Again: "The British doctrine therefore is, that the American ante nati, by remaining in America after the treaty of peace, lost their character of British subjects. And our doctrine is, that by withdrawing from the country and adhering to the British Government, they lost, or perhaps, more properly speaking, never acquired, the character of American citizens."-Inglis v. The Sailors' Snug Harbor, 8 Peters, 122-'3.

And this is the case which shows the distinction between mere questions of domestic domicil and the more important questions as to national character.
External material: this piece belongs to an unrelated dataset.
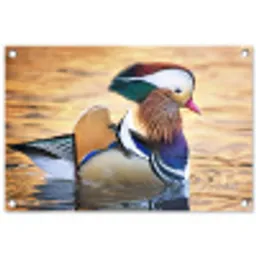 Close-up mandarijneend tuinposter los doek klein -3d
In the former, the question of domicil of a minor is settled by that of his father, or the last of the father, when he is dead; while in the latter, the national character depends upon election, whether the party be adult or minor, though the act of the father making his election may operate an election for the son, if his dissent be not made in due time.

But did Catherine McMasters either show a dissent or an election to become a Mexican, instead of a Texan? It will be seen, by an examination of the plea in question, that she was about four years of age when she was removed by Manuel Sabriego to Matamoras, before the declaration of independence, in March, 1836; she was therefore of age eighteen years afterwards, in the year 1853. We have no evidence of a dissent to the act of removal by Sabriego, or of an election to become a citizen of Texas; and upon the principles established in the case referred to in this court, it must be presumed that she ratified the act of her friend, and remained a citizen of Mexico, and was so by relation from the time of removal and the declaration. But the plea is contradictory in regard to the age of Catherine McMasters, for after the statement of her age before the declaration of independence, it is in another part alleged that she was a minor at the time of filing said plea in 1854. This matter of the age is material; and if the contradiction is to have effect at all, one averment destroys the other, and then there is no good plea, for the want of material averments.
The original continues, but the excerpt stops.